**WHAT IS BEING ASKED:**
Given the records underneath, please repeat exactly the lines from the line with "Téléchargez les photos" through the line with "a kitchen with", passing over any picture.

**DATASET CONTENT:**
------------------------------------------------------------------------
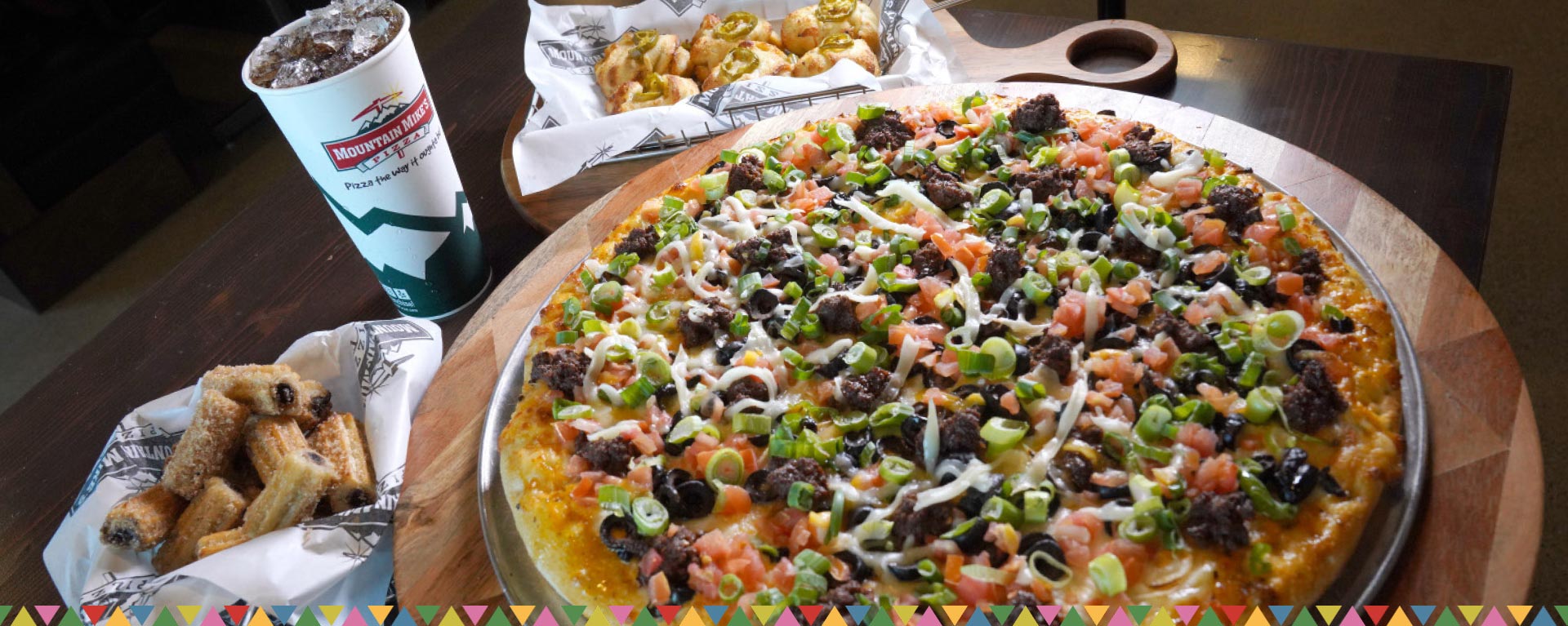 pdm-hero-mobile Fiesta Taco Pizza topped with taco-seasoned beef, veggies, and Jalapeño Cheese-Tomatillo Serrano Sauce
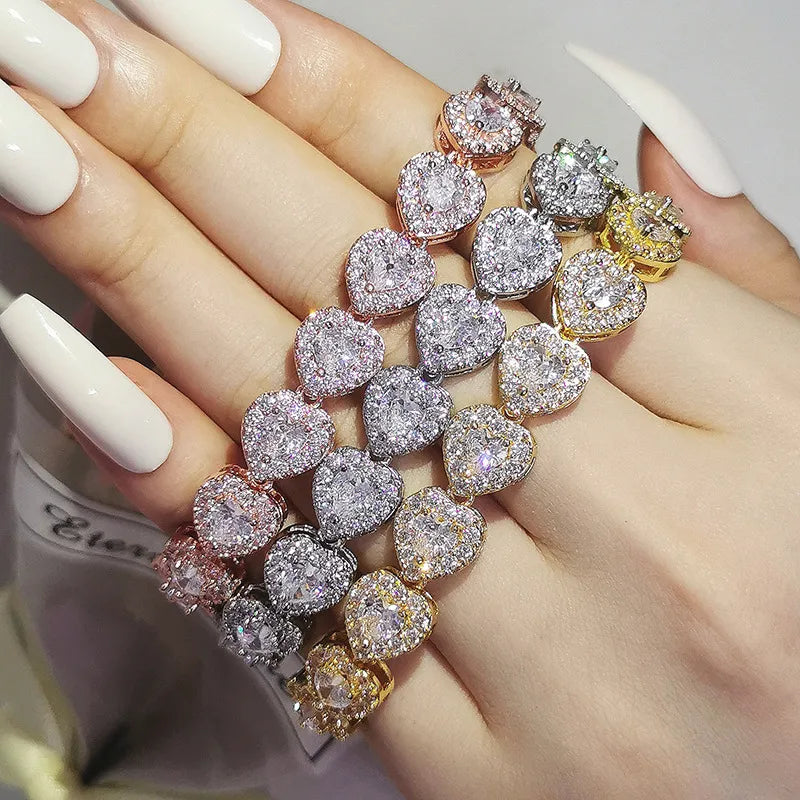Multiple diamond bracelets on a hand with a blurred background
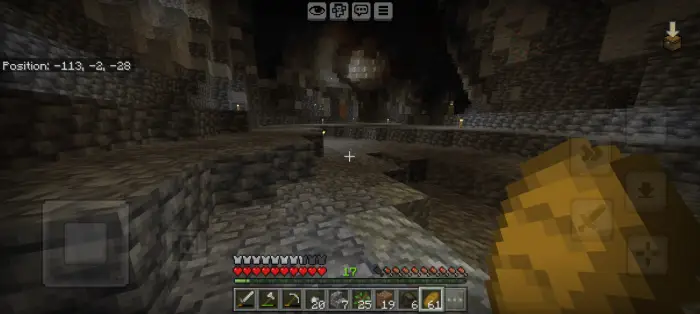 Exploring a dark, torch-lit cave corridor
------------------------------------------------------------------------
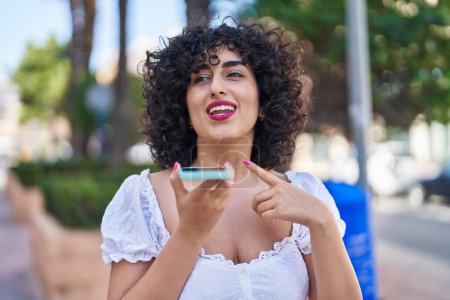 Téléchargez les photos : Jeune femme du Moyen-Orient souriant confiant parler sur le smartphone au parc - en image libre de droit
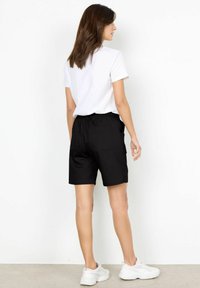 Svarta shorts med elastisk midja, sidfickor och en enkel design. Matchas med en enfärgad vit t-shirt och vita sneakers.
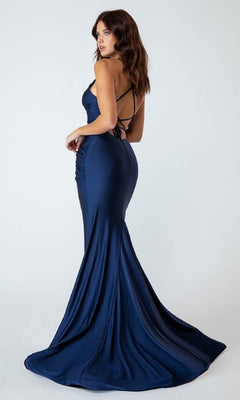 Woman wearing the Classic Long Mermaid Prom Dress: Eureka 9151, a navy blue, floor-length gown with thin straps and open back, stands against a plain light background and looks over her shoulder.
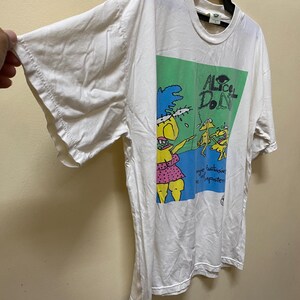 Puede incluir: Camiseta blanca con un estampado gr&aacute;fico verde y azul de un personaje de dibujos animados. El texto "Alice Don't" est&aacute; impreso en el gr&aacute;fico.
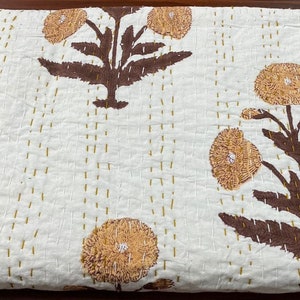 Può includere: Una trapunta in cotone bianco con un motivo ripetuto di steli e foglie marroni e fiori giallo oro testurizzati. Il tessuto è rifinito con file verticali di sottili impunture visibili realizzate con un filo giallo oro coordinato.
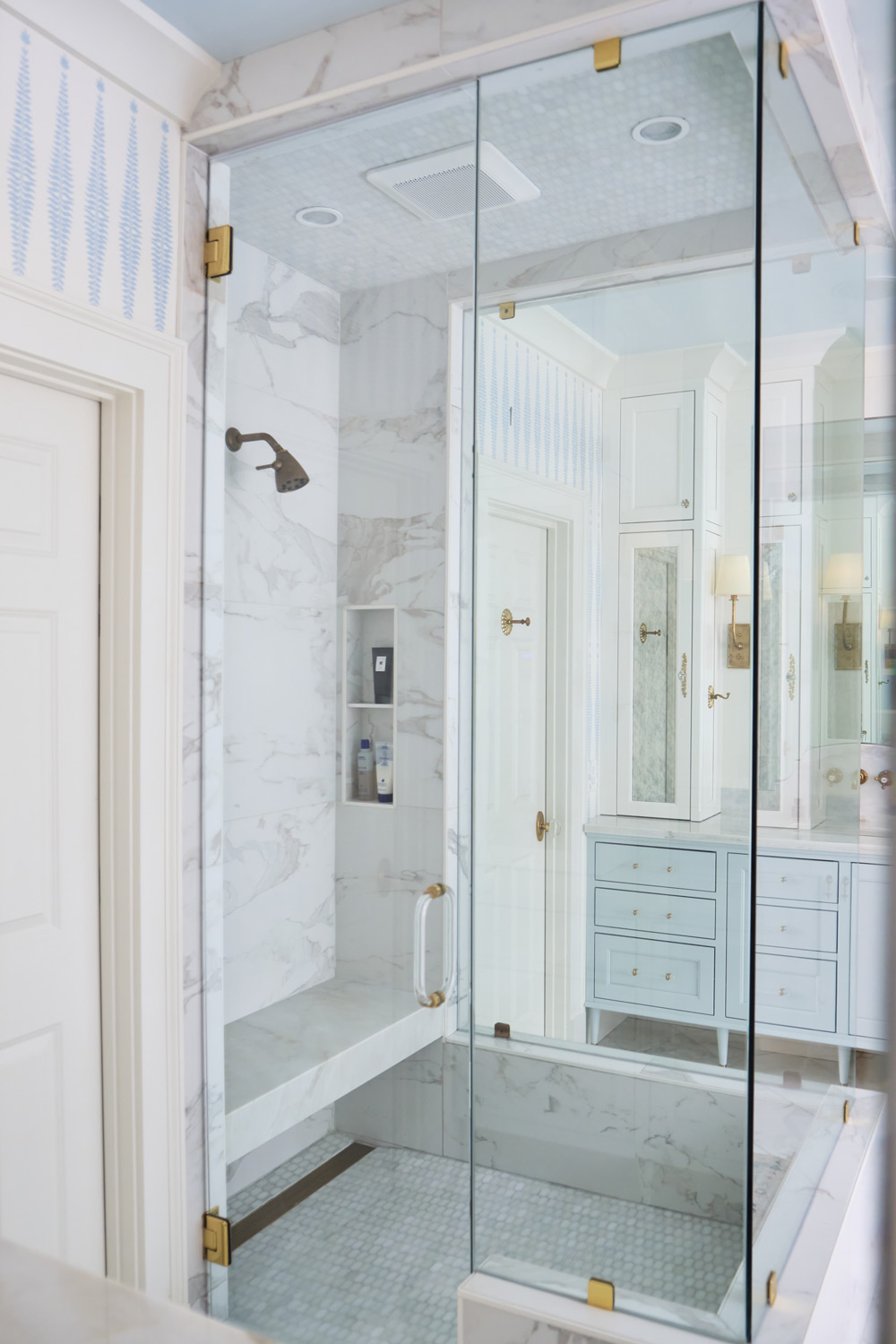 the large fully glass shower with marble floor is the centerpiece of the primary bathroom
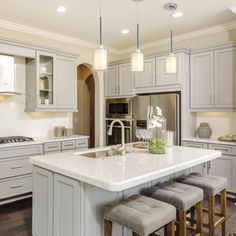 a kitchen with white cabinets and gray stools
------------------------------------------------------------------------
**FINAL ANSWER:**
 Téléchargez les photos : Jeune femme du Moyen-Orient souriant confiant parler sur le smartphone au parc - en image libre de droit
 Svarta shorts med elastisk midja, sidfickor och en enkel design. Matchas med en enfärgad vit t-shirt och vita sneakers.
 Woman wearing the Classic Long Mermaid Prom Dress: Eureka 9151, a navy blue, floor-length gown with thin straps and open back, stands against a plain light background and looks over her shoulder.
 Puede incluir: Camiseta blanca con un estampado gr&aacute;fico verde y azul de un personaje de dibujos animados. El texto "Alice Don't" est&aacute; impreso en el gr&aacute;fico.
 Può includere: Una trapunta in cotone bianco con un motivo ripetuto di steli e foglie marroni e fiori giallo oro testurizzati. Il tessuto è rifinito con file verticali di sottili impunture visibili realizzate con un filo giallo oro coordinato.
 the large fully glass shower with marble floor is the centerpiece of the primary bathroom
 a kitchen with white cabinets and gray stools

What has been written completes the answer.